[[ Supplied material open ]]
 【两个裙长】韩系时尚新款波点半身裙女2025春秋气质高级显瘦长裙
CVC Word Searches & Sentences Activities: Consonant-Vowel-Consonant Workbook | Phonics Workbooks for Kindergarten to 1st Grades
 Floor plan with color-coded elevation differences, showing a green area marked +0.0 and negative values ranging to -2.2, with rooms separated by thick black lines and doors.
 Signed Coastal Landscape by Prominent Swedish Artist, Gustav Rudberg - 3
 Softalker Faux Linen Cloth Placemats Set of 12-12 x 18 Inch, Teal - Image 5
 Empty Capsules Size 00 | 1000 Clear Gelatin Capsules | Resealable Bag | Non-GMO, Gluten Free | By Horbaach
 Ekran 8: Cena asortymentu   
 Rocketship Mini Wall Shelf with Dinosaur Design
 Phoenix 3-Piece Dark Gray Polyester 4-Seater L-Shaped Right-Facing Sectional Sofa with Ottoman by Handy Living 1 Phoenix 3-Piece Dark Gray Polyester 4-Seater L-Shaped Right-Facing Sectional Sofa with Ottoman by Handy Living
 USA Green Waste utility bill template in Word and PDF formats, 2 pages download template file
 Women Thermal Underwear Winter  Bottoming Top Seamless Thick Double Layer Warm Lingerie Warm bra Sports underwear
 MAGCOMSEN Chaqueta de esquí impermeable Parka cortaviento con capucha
[[ Supplied material closed ]]
**What you should do:**
Give back every line of the material, exactly as written.

**Answer space:**
 【两个裙长】韩系时尚新款波点半身裙女2025春秋气质高级显瘦长裙
CVC Word Searches & Sentences Activities: Consonant-Vowel-Consonant Workbook | Phonics Workbooks for Kindergarten to 1st Grades
 Floor plan with color-coded elevation differences, showing a green area marked +0.0 and negative values ranging to -2.2, with rooms separated by thick black lines and doors.
 Signed Coastal Landscape by Prominent Swedish Artist, Gustav Rudberg - 3
 Softalker Faux Linen Cloth Placemats Set of 12-12 x 18 Inch, Teal - Image 5
 Empty Capsules Size 00 | 1000 Clear Gelatin Capsules | Resealable Bag | Non-GMO, Gluten Free | By Horbaach
 Ekran 8: Cena asortymentu   
 Rocketship Mini Wall Shelf with Dinosaur Design
 Phoenix 3-Piece Dark Gray Polyester 4-Seater L-Shaped Right-Facing Sectional Sofa with Ottoman by Handy Living 1 Phoenix 3-Piece Dark Gray Polyester 4-Seater L-Shaped Right-Facing Sectional Sofa with Ottoman by Handy Living
 USA Green Waste utility bill template in Word and PDF formats, 2 pages download template file
 Women Thermal Underwear Winter  Bottoming Top Seamless Thick Double Layer Warm Lingerie Warm bra Sports underwear
 MAGCOMSEN Chaqueta de esquí impermeable Parka cortaviento con capucha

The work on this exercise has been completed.